Beginning with his first trio CD, Owls in Daylight (1997), continuing through his recordings with the quintet
Drumheller — Drumheller (2005), Wives (2006) and Glint (2009) — and turning now to Towns and Villages, a quartet
session with the New York saxophonist Tony Malaby, Fraser has explored the nature of freedom and abstraction in
jazz, moving unassumingly, yet imaginatively, in, out of, between and beyond the music’s various traditions.
It’s in his compositions, which are typically the slightest of melodic turns, sometimes with an Ornette-ish curl — just
a few notes repeated, and repeated again, to both catchy and compelling effect. And it’s in his drumming, which is
measured more in velocity than in volume, but measured all the same — a fast, shifting undertow of precisely struck
and carefully shaped textures and rhythms.
As an aside, it’s worth musing that Drumheller, also the name of a town in southern Alberta, is the better part of an
anagram for “Hell of a drummer.” Enough said.

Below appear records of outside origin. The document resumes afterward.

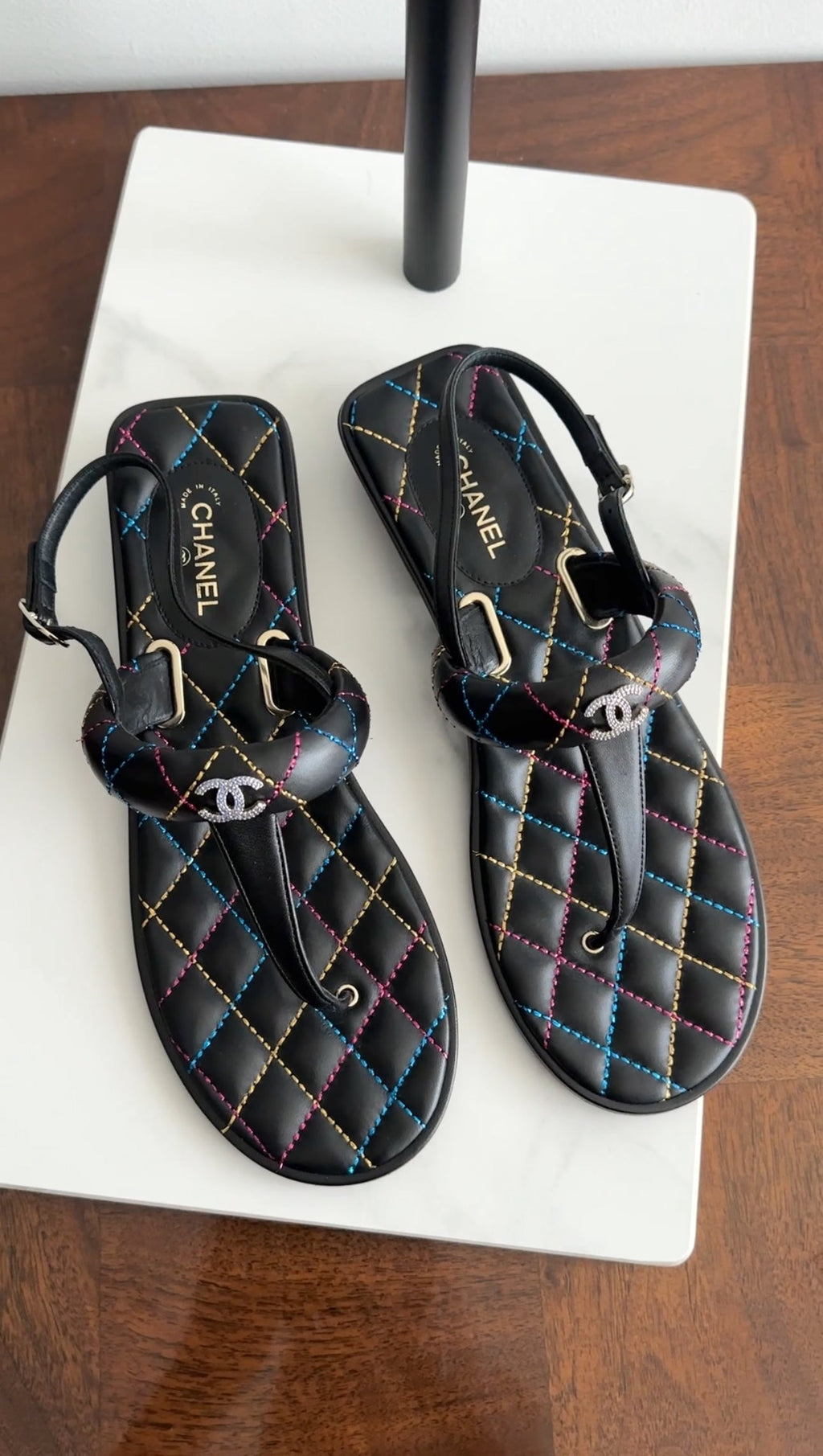 Chanel 21K Black Multi Quilt Thong CC Sandal - 40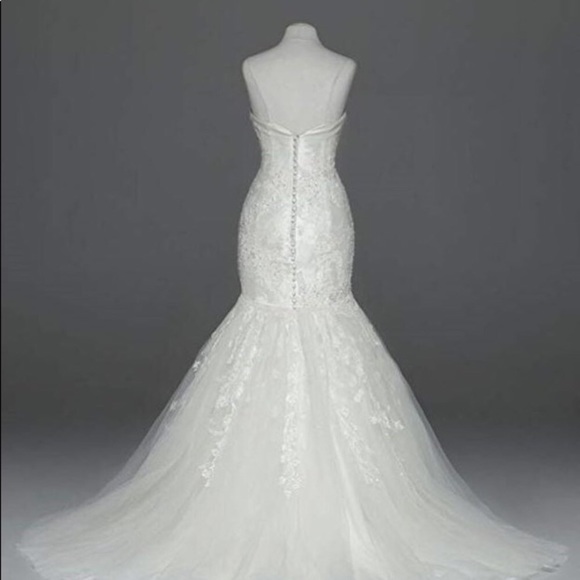 Oleg Cassini wedding dress - Picture 1 of 8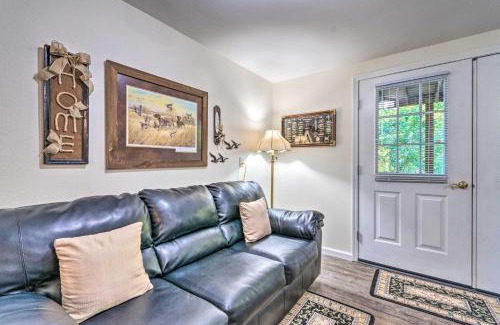 Hot Springs Village Apartment | Deck with BBQ Hot Springs Village Apt!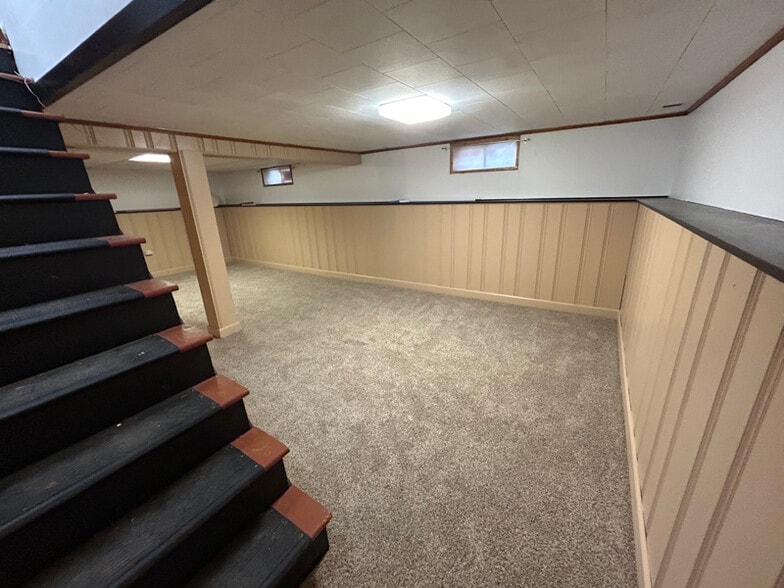 Building Photo - 1231 Hilldale Rd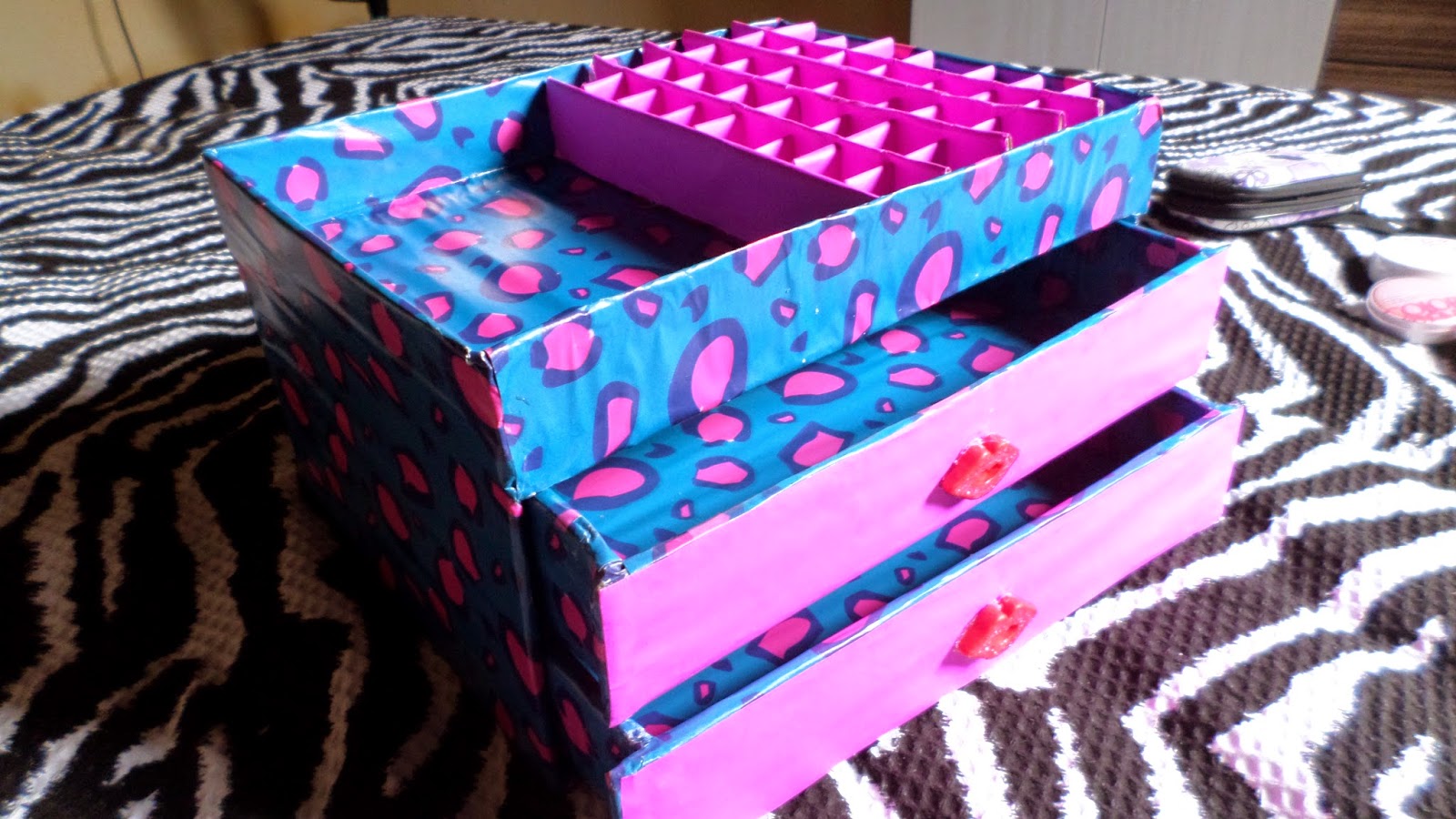 Os Melhores Materiais e Técnicas para Reforçar seu Artesanato de Papelão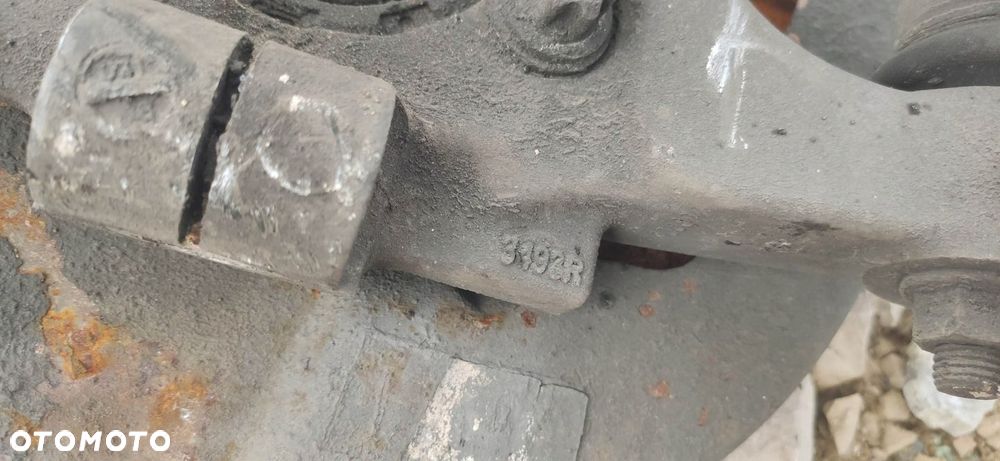 KR ZWROTNICA PIASTA PRAWY PRZÓD SAAB 9-3 II 1.9 - 3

Fraser’s apparent fascination with Canada’s smaller communities continues on Towns and Villages, which features
group improvisations named for Prescott and Spencerville in eastern Ontario and Hundred Mile House in southeastern
British Columbia; a musician does not tour Canada as often as Fraser has without getting to know its highways,
byways and stopovers.
Fraser originally intended Towns and Villages to present Tony Malaby in the company of two bassists, Torontonians
Andrew Downing and Rob Clutton, a format, he suggests, that was inspired by Ornette Coleman’s recent quartet and
by such recordings as Bill Dixon’s two volumes of Vade Mecum, Joe Lovano’s Universal Language and Dewey
Redman’s Soundsigns; still other recordings by Albert Ayler and the young Tony Williams also come to mind, and in
fact Ayler and Williams seem no less like fleeting points of reference for Towns and Villages than Coleman, Dixon, Lovano
and Redman.
In the event, Downing, who is also an accomplished cellist, proposed the alternative instrumentation heard here; his
cello serves either as a keening second voice to Malaby’s taut, sculpted tenor and soprano solos, all sinew and strain,
or as complementary counterweight to the heft and purpose of Clutton’s steadfast bass lines.
Fraser in turn makes the most, and the best, of his resources to give each of the 12 pieces on Towns and Villages — no
matter how free, no matter how abstract, from the rumble and grind of Prescott: The Fort Town to the dark, stirring
beauty of Ballad for Lydia — its own sense of logic, proportion and clarity.